L'amour n'a pas de frontières... C'est sûrement ce qu'ont pensé les deux cent mille jeunes femmes parties en Amérique rejoindre leurs amoureux rencontrés en Europe à partir de mai 1944.
Des Etats-Unis, Julien ne connaît rien, hormis les poncifs en tout genre sur le pays et les habitants, les mêmes rumeurs éculées qui peuvent courir sur nous, français, chez les étrangers. Son premier séjour là bas va se faire dans l'Amérique profonde, dans le Michigan, au cœur de la Rust Belt touchée de plein fouet par la crise des subprimes. Son épouse est originaire de là-bas, elle y a même une grand tante Odette, une française. Julien se demande comment son aïeule a-t-elle bien pu quitter vouloir la France.

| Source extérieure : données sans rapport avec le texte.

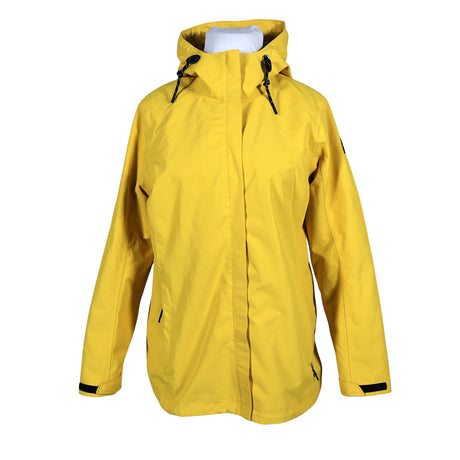 Unisex Icepeak - Shell jacket, size 46 - Yellow ()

Retour en juin 1944. Odette est une jeune femme pétillante, serveuse au Café de L'Est en face de la gare. Depuis le débarquement , beaucoup de GI y viennent et parmi eux, John, surtout pour les beaux yeux d'Odette. D'abord réticente, elle se laisse charmer et pendant six mois les deux tourtereaux se voient entre les missions en Allemagne du jeune homme. Cette relation n'est pas au goût du frère, Justin, qui a peur de voir sa sœur abandonnée au dernier moment. Quant aux parents, ils ne sont pas contre le mariage si John se résout à faire sa vie en France...

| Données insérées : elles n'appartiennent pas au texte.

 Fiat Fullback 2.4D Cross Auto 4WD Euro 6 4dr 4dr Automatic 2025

Détroit, de nos jours. Le séjour du jeune couple dans la famille américaine permet à Julien de se rendre compte que la vie quotidienne n'est pas aussi rose qu'en France. Très peu de congés payés, la nécessité d'avoir un second travail pour garder la tête hors de l'eau, et Détroit, autre fois fleuron de l'industrie, qui part en ruine. Odette, qui a désormais quatre-vint sept ans est restée par amour, loin des siens qu'elle n'a revus que dans les années 1970, après avoir élevé quatre enfants. Elle a passé outre les recommandations de ses parents et a décidé d'embarquer à bord du Vulcania avec huit cents autres War Brides. Là, pendant une dizaine de jours, des hôtesses de l'armée américaine leur ont appris les rudiments pour devenir "une bonne épouse américaine".

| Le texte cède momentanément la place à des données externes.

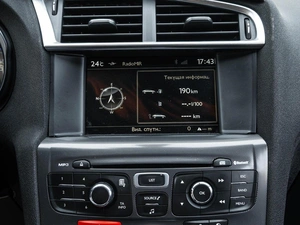 Седан Citroen C4 2014 года, 839000 рублей, Ставрополь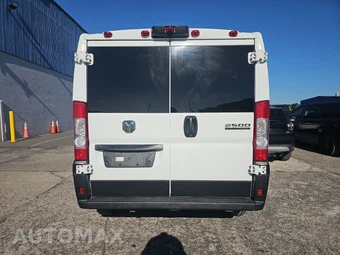2025 Ram ProMaster 2500 Cargo Van Tradesman w/Passenger Seat Low Roof 136.0" WB - miniatura 5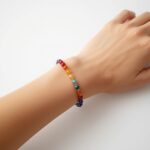 7 Chakra Balancing Bracelet - Image 5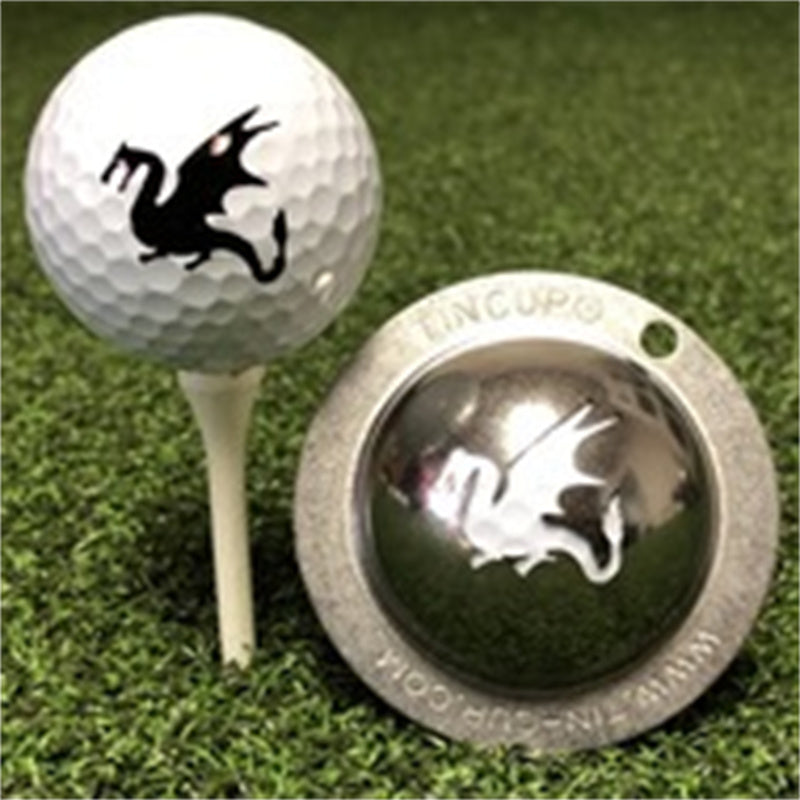 Personalized Golf Ball Marker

Tout en pudeur et avec humour, Julien Frey raconte l'histoire d'une jeune fille amoureuse qui a tout quittée pour suivre l'homme de sa vie. Malgré ce qu'on peut croire, le fossé sociétal entre les deux pays est immense. Malgré les décennies passées, le voyage de Julien montre que ce fossé ne se comble pas. Presque chauvin, on peut se dire qu'il est bon de vivre en France grâce à nos acquis sociaux. Le voyage d'Odette sur le Vulcania rend concret ce mode de vie radicalement différent du nôtre. Et puis, elle est partie au moment où la France sortait de la guerre.
Ferme les yeux. Ecoute le Michigan, Odette.Les dessins soignés et harmonieux, aux couleurs volontairement passées dans les tons orange, bleus, gris et blancs, donnent une touche vintage aux planches. Les décors urbains sont bien rendus, et les personnages sont très expressifs.
Michigan est une BD réussie, souvent drôle, qui éclaire le lecteur sur une page de notre Histoire.